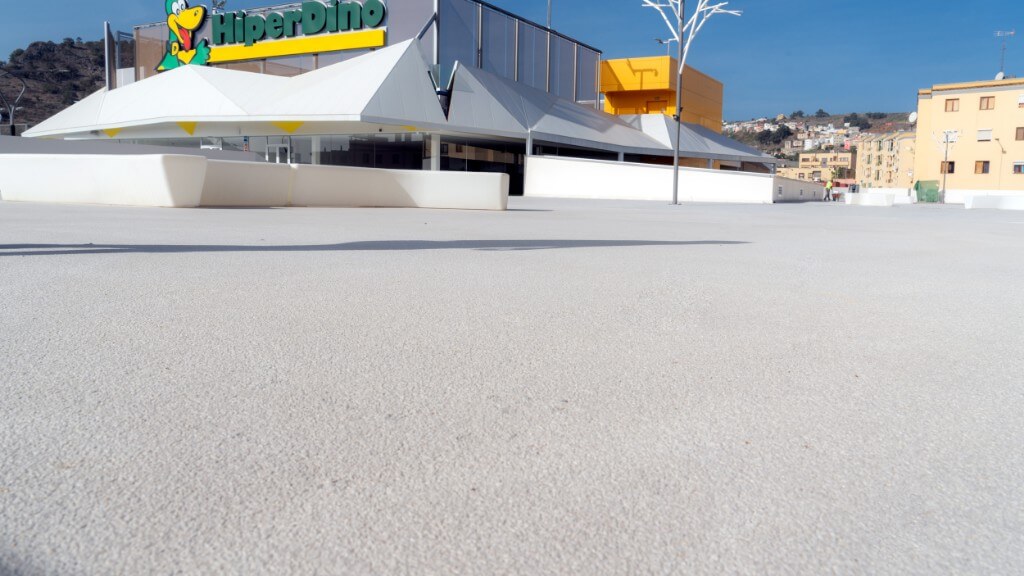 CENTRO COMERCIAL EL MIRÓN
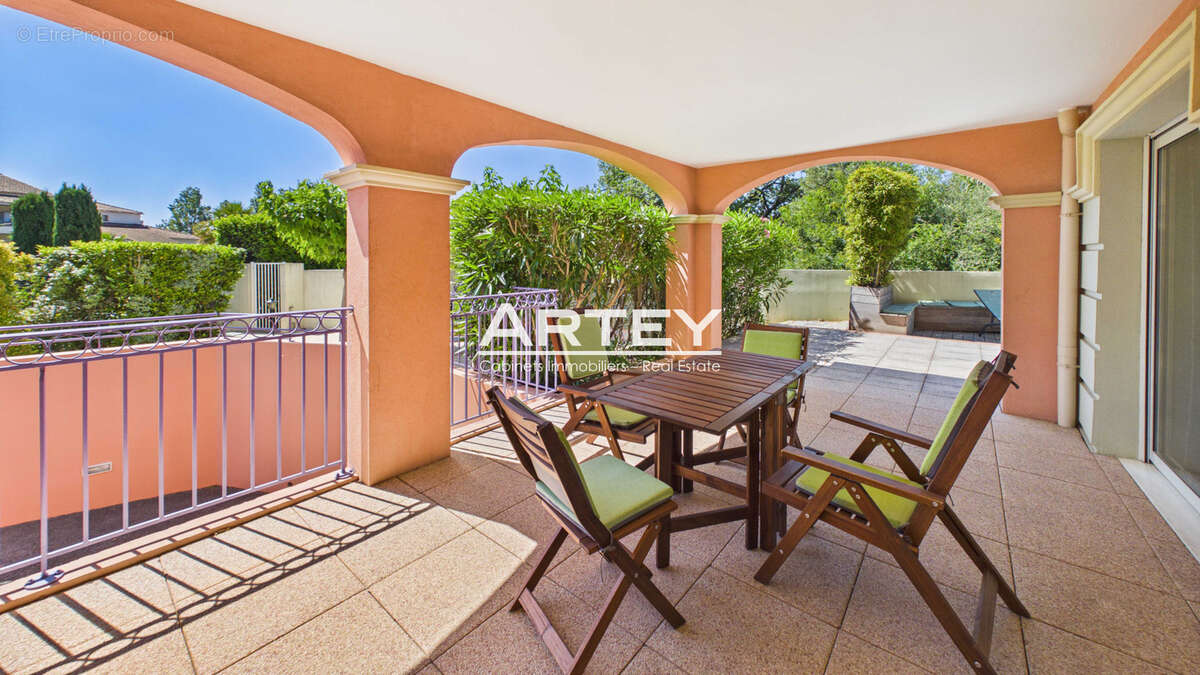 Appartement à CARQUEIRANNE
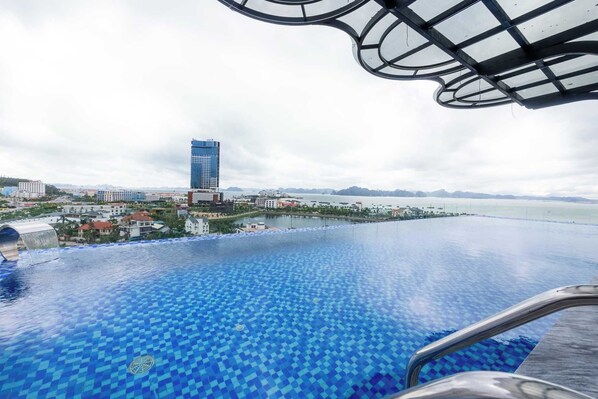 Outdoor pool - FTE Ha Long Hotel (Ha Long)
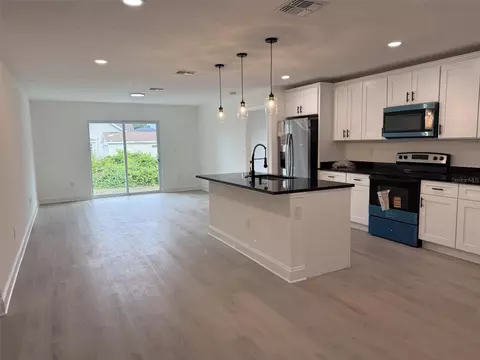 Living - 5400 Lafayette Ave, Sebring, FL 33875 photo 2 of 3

■ ■ ■ ■

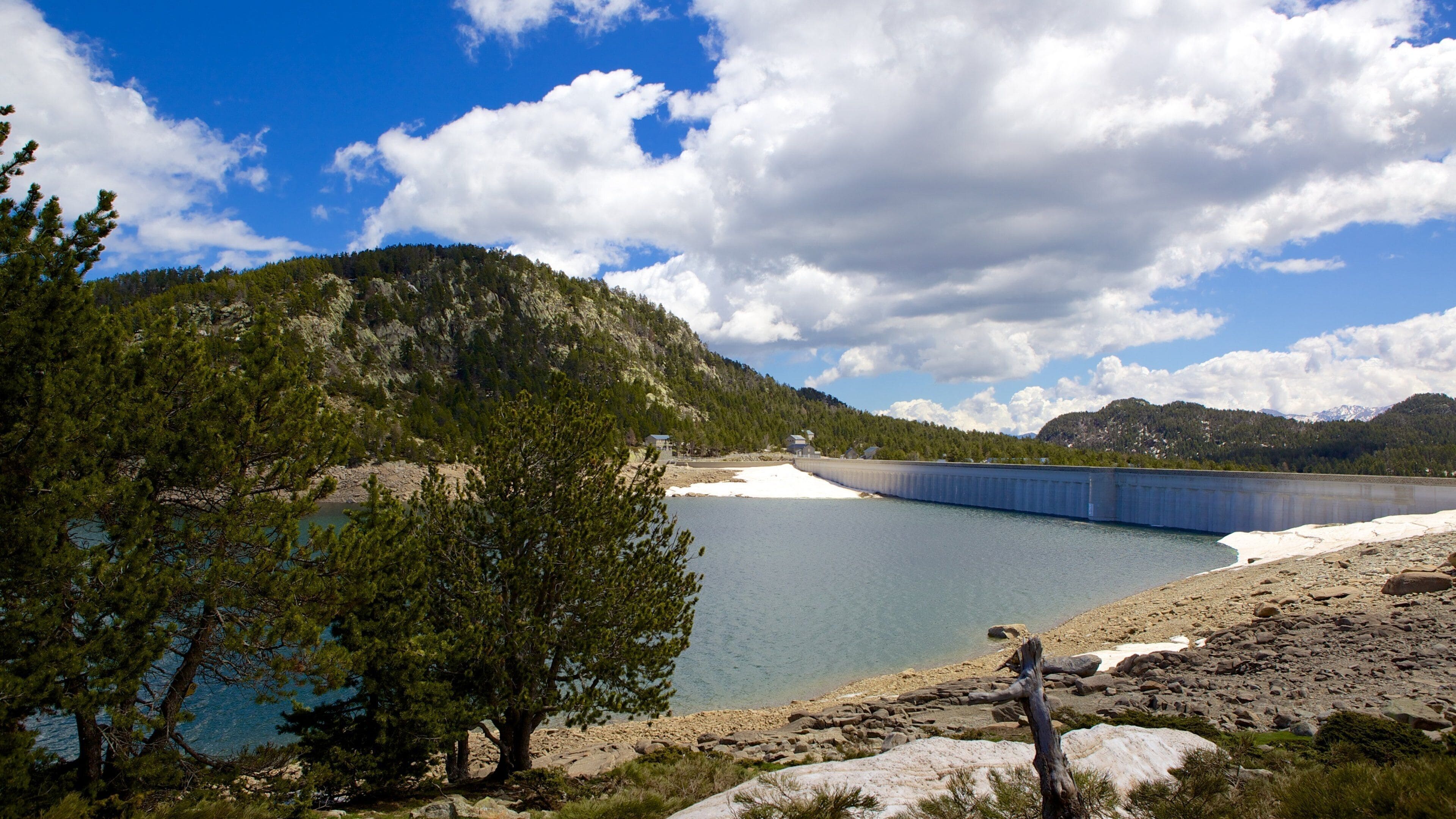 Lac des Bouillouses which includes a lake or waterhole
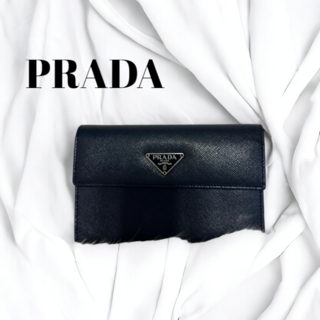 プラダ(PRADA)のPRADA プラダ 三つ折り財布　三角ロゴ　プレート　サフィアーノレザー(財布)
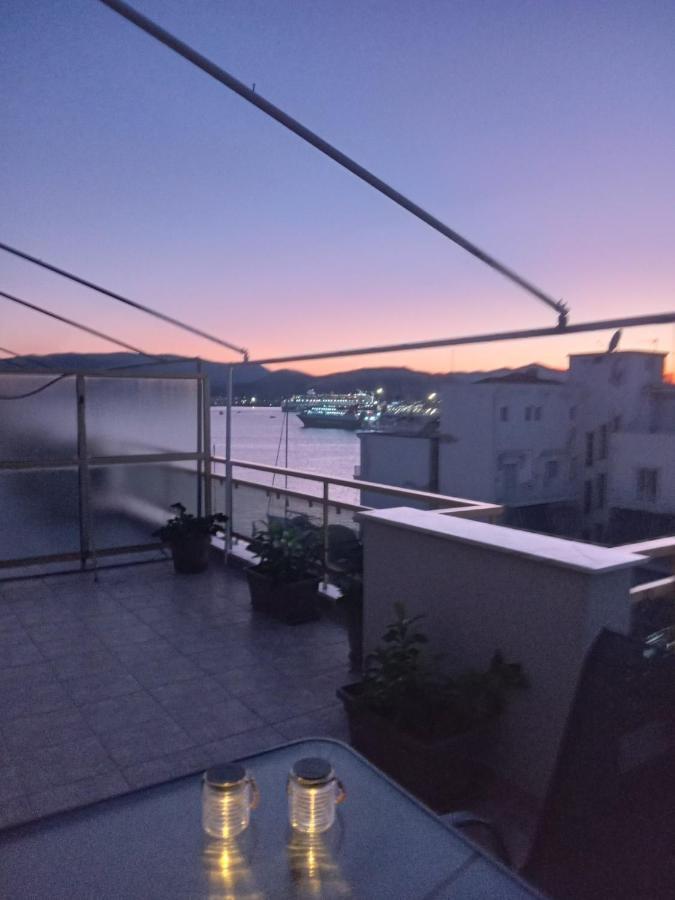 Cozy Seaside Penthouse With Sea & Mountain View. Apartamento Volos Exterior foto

■ ■ ■ ■

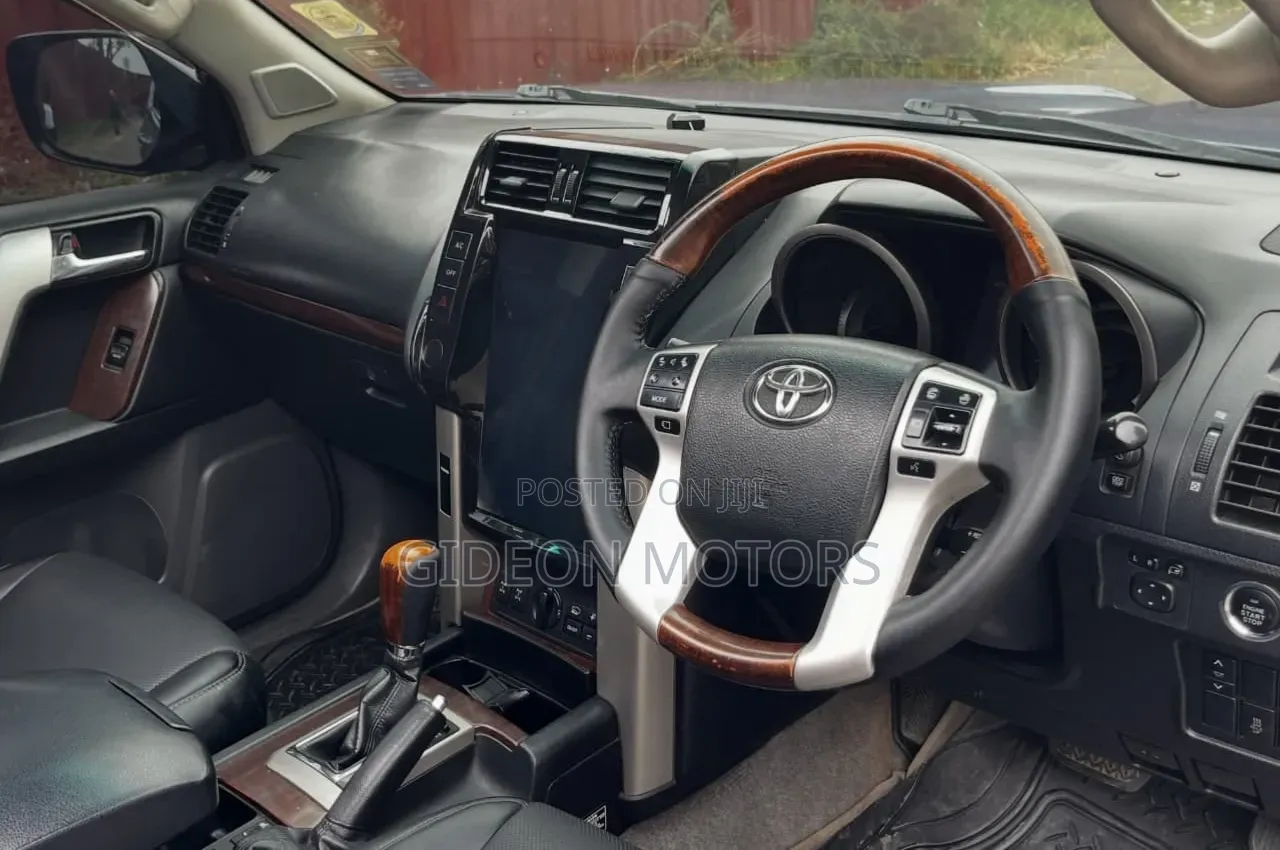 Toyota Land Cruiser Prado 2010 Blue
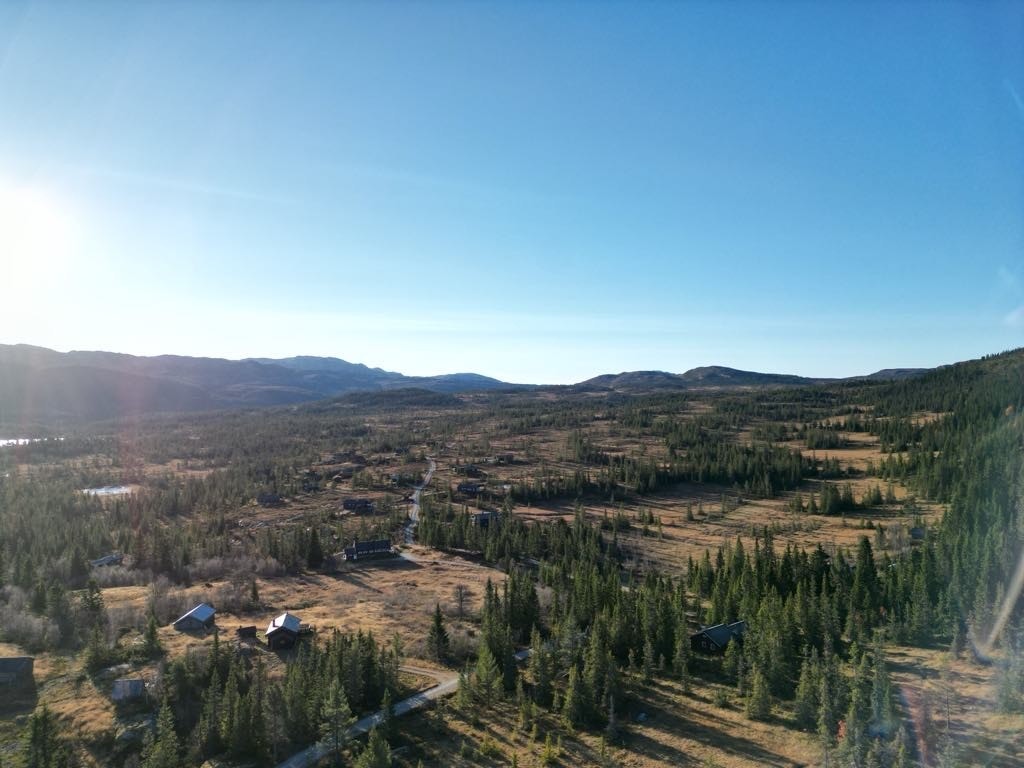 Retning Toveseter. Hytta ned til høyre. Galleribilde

■ ■ ■ ■

Required work: Would you output only the span of the records above that opens with the line containing "CENTRO COMERCIAL EL MIRÓN" and closes with the line containing "Living - 5400", ends included and pictures dropped?

Response:
 CENTRO COMERCIAL EL MIRÓN
 Appartement à CARQUEIRANNE
 Outdoor pool - FTE Ha Long Hotel (Ha Long)
 Living - 5400 Lafayette Ave, Sebring, FL 33875 photo 2 of 3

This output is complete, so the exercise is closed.